> _Excerpts from a dataset_:
---*---
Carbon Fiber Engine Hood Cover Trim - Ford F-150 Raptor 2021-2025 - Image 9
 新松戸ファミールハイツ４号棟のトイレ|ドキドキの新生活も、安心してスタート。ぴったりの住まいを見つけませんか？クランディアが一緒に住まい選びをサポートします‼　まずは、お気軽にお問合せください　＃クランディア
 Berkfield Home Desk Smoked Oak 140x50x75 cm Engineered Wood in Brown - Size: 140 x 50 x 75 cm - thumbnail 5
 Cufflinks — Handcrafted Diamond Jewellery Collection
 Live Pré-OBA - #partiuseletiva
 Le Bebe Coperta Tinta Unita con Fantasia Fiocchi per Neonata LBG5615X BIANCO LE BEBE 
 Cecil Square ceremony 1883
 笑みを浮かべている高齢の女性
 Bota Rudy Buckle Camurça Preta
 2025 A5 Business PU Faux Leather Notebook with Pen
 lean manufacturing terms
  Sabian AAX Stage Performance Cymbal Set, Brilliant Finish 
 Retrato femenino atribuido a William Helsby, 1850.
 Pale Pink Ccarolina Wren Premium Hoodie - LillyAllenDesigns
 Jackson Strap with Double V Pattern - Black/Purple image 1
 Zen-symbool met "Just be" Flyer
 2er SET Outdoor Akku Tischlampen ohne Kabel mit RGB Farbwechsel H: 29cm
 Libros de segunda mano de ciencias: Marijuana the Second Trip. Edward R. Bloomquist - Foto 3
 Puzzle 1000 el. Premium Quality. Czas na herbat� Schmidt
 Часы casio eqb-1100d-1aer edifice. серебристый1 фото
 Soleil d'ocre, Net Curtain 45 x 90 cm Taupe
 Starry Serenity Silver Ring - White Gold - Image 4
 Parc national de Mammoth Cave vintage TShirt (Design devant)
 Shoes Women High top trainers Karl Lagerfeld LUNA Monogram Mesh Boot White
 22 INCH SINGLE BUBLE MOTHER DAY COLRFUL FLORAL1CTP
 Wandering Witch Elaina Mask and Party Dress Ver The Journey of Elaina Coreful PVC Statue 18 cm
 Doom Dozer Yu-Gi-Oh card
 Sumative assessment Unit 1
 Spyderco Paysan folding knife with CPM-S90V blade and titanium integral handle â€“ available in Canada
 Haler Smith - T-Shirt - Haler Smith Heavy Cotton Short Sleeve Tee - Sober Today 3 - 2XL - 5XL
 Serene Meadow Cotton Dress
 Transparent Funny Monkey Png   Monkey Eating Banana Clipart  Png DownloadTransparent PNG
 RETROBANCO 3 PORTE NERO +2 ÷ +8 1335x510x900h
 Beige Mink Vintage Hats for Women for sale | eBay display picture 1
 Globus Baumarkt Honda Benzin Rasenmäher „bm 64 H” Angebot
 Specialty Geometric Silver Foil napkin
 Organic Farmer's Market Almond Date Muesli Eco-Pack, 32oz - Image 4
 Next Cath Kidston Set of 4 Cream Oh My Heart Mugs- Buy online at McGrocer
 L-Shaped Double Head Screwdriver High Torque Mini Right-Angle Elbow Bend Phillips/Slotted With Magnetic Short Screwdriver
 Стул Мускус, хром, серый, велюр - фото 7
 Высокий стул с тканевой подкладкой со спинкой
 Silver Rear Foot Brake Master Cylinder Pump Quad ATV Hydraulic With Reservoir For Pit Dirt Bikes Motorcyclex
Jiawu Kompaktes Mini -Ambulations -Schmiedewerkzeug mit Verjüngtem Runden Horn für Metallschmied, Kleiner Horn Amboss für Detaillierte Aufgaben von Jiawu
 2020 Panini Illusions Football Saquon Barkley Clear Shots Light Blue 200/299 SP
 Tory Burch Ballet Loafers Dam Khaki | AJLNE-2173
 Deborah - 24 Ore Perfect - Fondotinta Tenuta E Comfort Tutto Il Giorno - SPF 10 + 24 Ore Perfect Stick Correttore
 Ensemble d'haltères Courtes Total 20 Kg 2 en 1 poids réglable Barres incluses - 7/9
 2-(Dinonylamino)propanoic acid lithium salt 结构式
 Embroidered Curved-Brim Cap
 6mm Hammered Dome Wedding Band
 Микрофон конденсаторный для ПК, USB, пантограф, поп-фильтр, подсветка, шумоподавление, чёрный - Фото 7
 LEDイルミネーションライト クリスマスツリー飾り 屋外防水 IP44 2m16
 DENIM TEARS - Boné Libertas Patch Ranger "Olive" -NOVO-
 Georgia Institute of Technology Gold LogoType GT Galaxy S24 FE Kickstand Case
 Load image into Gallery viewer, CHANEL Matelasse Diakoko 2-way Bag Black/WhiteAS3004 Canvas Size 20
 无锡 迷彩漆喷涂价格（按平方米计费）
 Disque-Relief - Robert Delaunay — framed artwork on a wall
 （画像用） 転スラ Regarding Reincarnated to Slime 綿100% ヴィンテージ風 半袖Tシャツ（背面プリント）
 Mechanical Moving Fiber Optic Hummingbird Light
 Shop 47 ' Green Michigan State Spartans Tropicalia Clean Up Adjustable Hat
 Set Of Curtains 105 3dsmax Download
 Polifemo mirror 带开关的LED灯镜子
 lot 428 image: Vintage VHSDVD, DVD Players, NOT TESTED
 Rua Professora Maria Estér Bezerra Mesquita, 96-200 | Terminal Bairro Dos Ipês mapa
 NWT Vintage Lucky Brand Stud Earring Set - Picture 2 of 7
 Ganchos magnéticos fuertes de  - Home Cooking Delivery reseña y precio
---*---
> _Work instructions_: Please output exactly the lines between the one holding "Doom Dozer Yu-Gi-Oh card" and the one holding "Globus Baumarkt Honda" in the records above, inclusive, and nothing more.

> _Result of the task_:
 Doom Dozer Yu-Gi-Oh card
 Sumative assessment Unit 1
 Spyderco Paysan folding knife with CPM-S90V blade and titanium integral handle â€“ available in Canada
 Haler Smith - T-Shirt - Haler Smith Heavy Cotton Short Sleeve Tee - Sober Today 3 - 2XL - 5XL
 Serene Meadow Cotton Dress
 Transparent Funny Monkey Png   Monkey Eating Banana Clipart  Png DownloadTransparent PNG
 RETROBANCO 3 PORTE NERO +2 ÷ +8 1335x510x900h
 Beige Mink Vintage Hats for Women for sale | eBay display picture 1
 Globus Baumarkt Honda Benzin Rasenmäher „bm 64 H” Angebot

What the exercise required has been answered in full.